Description of the task →
Could you restate word for word every line from the one containing "Apvalus laikrodis iš" to the end of the data below, pictures excluded?

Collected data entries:
====

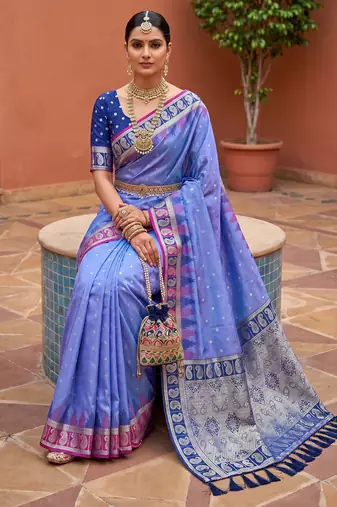 lavender art silk woven saree with blouse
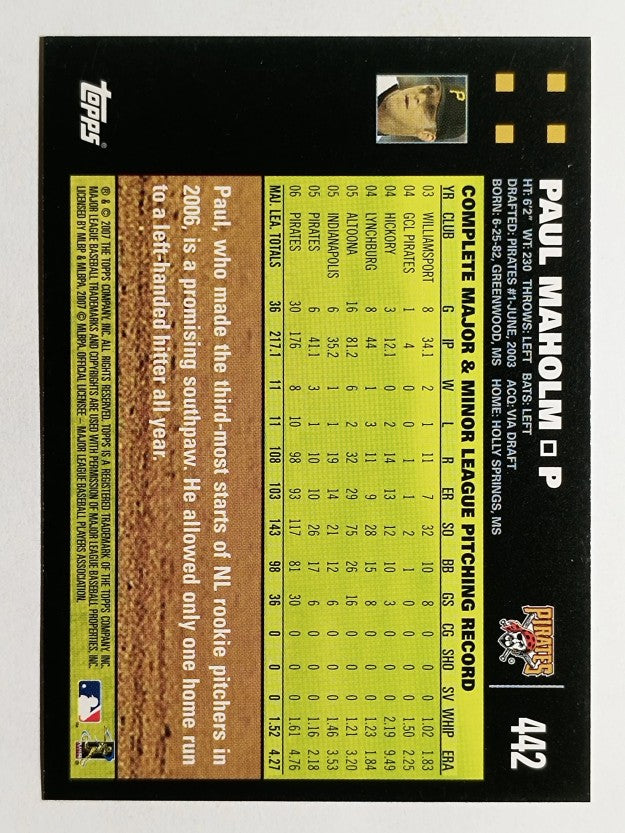 2007 Topps #442 Paul Maholm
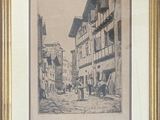 peinture d'une scène de rue avec une voiture à cheval au premier plan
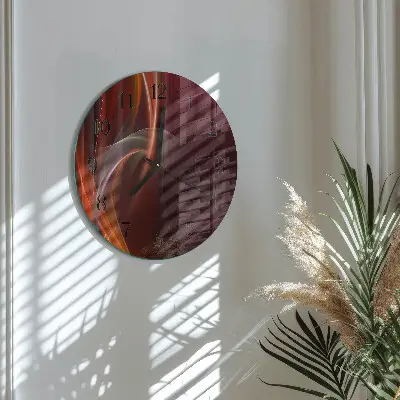 Apvalus laikrodis iš stiklo Abstrakčios linijos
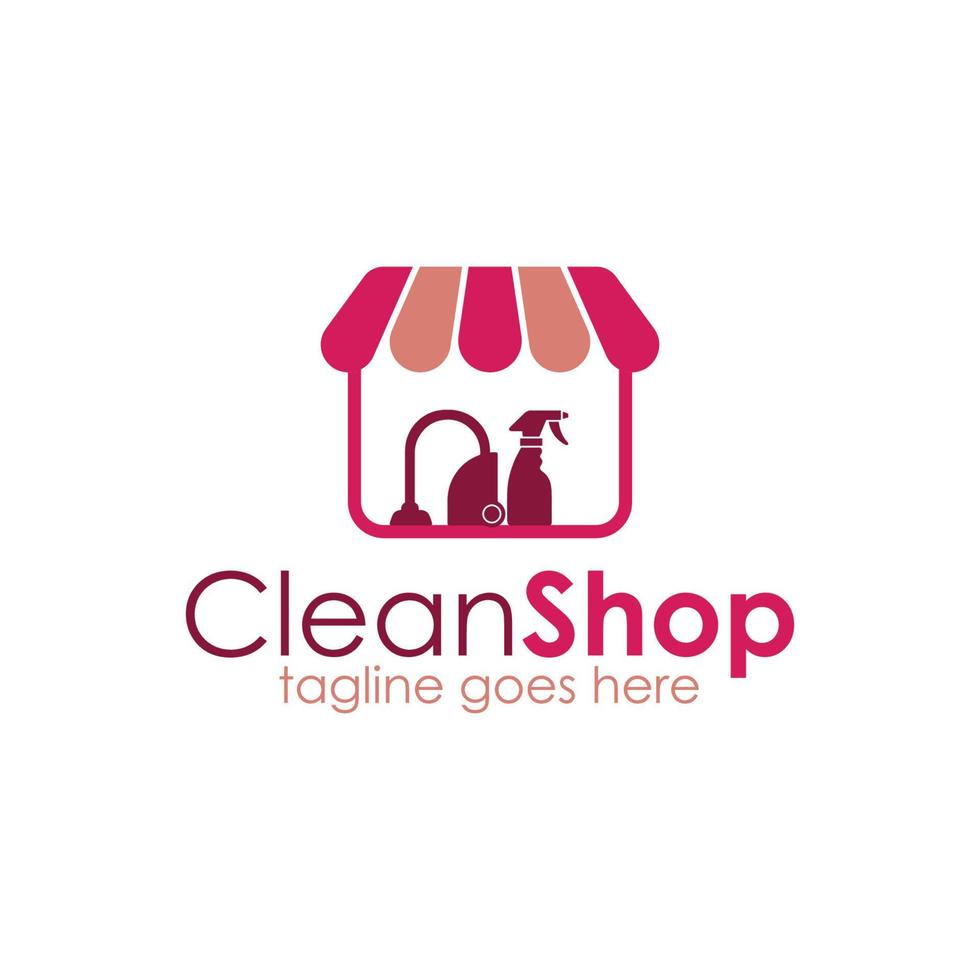 Clean shop logo design template with clean tools and market simple and unique. perfect for business, market, store, etc. vector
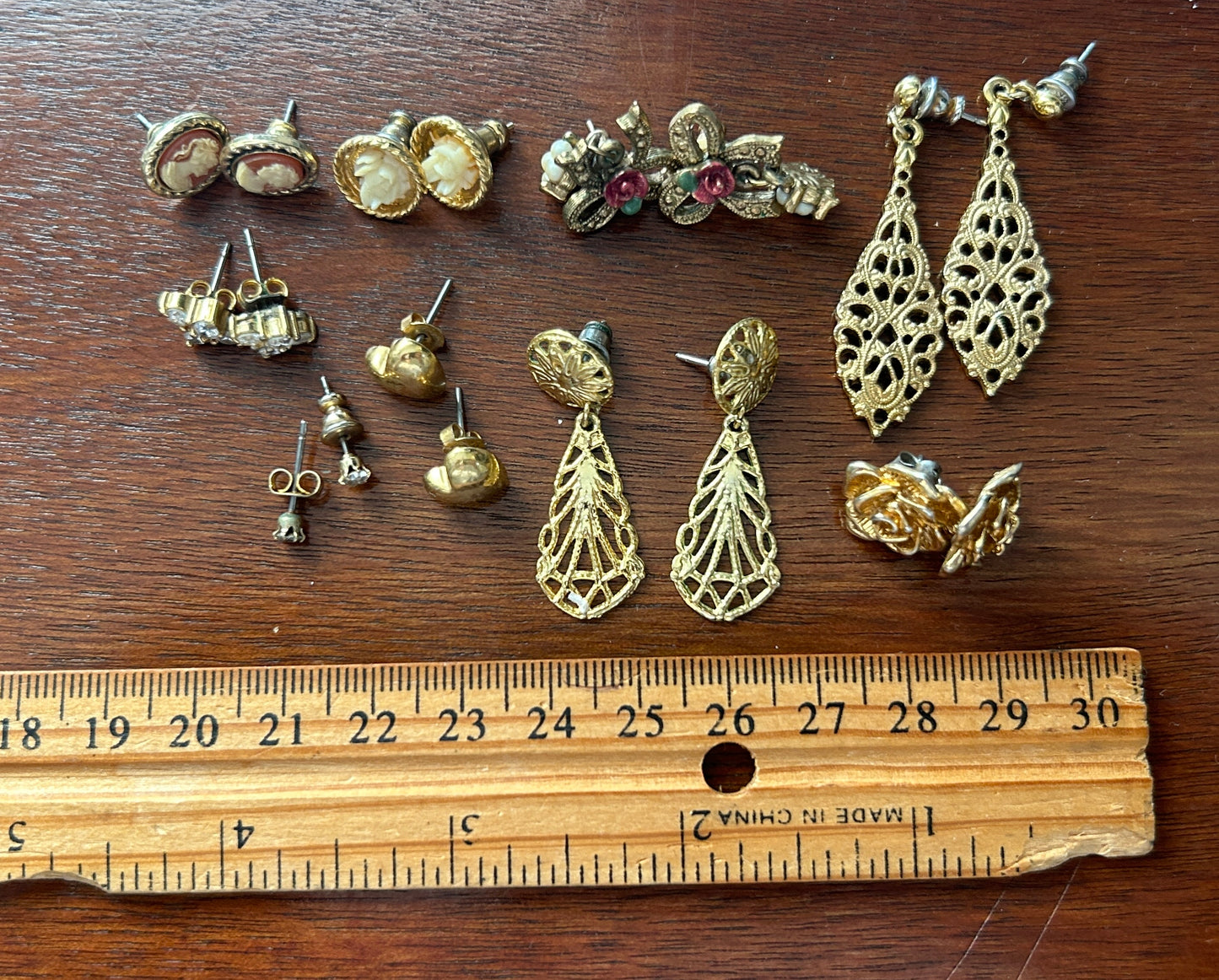 Vintage Victorian Style Pierced Earring Lot Carved Flowers Cameo Rose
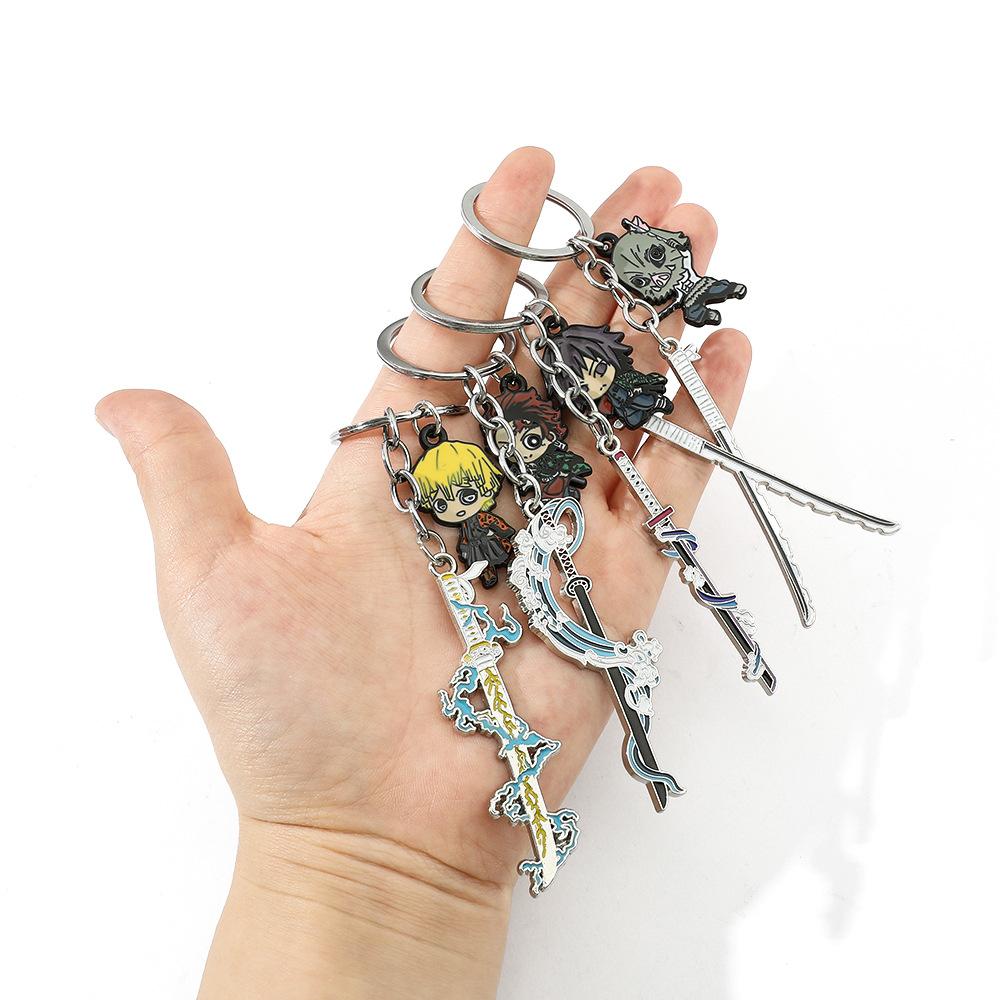 Anime Demon Slayer Keychain Kimetsu No Yaiba Figure Kamado Tanjirou Weapon Pendant Keyring Car Key Holder Fans Gifts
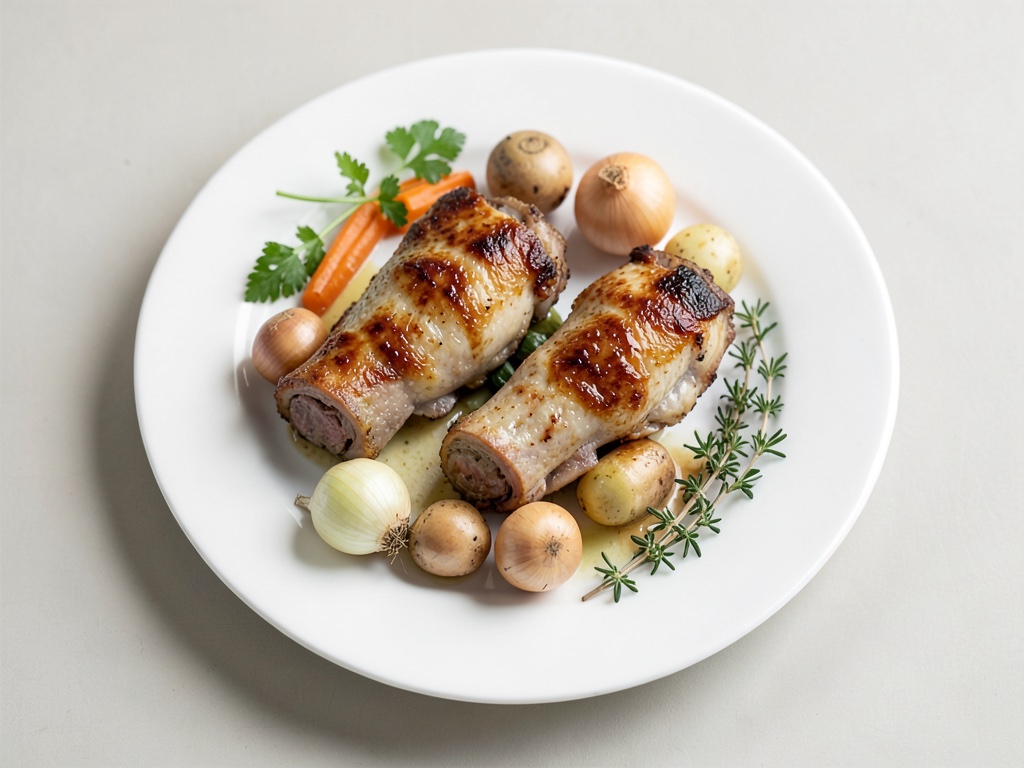 Cosce di tacchino brasate con verdure miste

====

Response to this task →
 Apvalus laikrodis iš stiklo Abstrakčios linijos
 Clean shop logo design template with clean tools and market simple and unique. perfect for business, market, store, etc. vector
 Vintage Victorian Style Pierced Earring Lot Carved Flowers Cameo Rose
 Anime Demon Slayer Keychain Kimetsu No Yaiba Figure Kamado Tanjirou Weapon Pendant Keyring Car Key Holder Fans Gifts
 Cosce di tacchino brasate con verdure miste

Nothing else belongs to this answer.